■ Activity
Only the lines that include "Used" should be copied from the data below.

■ The data
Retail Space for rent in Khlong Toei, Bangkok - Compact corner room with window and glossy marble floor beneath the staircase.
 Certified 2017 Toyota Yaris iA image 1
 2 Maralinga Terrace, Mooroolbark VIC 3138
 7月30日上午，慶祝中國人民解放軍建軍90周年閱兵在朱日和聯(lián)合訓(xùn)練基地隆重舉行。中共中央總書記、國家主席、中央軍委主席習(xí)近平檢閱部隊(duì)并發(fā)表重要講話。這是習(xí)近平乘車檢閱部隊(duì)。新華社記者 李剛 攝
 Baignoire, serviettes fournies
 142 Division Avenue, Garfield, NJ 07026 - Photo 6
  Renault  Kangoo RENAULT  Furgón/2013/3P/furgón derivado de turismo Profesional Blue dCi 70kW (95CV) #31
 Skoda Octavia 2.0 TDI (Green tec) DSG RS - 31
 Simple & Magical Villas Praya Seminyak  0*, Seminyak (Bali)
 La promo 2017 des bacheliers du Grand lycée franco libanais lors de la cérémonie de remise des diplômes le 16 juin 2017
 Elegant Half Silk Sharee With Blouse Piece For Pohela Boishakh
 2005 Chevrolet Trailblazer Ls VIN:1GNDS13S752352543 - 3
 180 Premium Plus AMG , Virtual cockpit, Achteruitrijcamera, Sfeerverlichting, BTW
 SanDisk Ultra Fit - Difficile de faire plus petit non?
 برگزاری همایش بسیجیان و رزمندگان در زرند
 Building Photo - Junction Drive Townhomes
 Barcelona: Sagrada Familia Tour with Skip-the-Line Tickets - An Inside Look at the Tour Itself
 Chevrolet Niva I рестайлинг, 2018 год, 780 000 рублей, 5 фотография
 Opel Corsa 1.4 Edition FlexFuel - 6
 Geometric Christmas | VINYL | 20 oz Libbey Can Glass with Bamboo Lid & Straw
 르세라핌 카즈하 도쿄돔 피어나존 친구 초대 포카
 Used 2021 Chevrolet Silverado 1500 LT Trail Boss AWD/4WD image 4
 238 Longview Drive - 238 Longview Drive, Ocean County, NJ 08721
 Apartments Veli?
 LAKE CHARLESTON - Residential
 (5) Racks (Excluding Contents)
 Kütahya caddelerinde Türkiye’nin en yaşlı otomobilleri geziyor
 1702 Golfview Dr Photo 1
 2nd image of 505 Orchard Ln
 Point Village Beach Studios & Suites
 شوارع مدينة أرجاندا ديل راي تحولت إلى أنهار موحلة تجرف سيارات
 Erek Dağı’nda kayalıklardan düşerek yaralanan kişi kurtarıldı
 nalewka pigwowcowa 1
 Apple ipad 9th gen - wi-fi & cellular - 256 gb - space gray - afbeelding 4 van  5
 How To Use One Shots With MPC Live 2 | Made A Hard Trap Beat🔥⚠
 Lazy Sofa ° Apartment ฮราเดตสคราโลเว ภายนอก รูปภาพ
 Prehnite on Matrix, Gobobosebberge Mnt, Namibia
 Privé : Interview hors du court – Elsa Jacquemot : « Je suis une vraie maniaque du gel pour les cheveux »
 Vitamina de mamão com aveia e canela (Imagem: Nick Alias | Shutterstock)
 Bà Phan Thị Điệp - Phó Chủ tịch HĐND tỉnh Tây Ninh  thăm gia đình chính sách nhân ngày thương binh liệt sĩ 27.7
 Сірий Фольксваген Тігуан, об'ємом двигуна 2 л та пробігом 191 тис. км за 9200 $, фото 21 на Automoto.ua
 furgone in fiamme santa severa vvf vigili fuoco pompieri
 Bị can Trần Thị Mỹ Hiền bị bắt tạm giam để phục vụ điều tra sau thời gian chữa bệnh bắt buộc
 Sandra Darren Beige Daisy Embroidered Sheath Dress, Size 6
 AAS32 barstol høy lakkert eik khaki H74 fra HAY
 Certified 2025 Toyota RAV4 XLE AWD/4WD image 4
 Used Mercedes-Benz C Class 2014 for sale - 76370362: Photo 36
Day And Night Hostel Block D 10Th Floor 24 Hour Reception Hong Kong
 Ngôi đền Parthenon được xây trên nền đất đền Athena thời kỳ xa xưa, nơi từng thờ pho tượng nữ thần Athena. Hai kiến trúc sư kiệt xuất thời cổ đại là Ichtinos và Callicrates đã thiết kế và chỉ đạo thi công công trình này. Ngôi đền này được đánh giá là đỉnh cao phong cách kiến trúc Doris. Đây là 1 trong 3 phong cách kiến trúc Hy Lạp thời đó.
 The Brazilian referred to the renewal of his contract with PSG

■ Result
 Used 2021 Chevrolet Silverado 1500 LT Trail Boss AWD/4WD image 4
 Used Mercedes-Benz C Class 2014 for sale - 76370362: Photo 36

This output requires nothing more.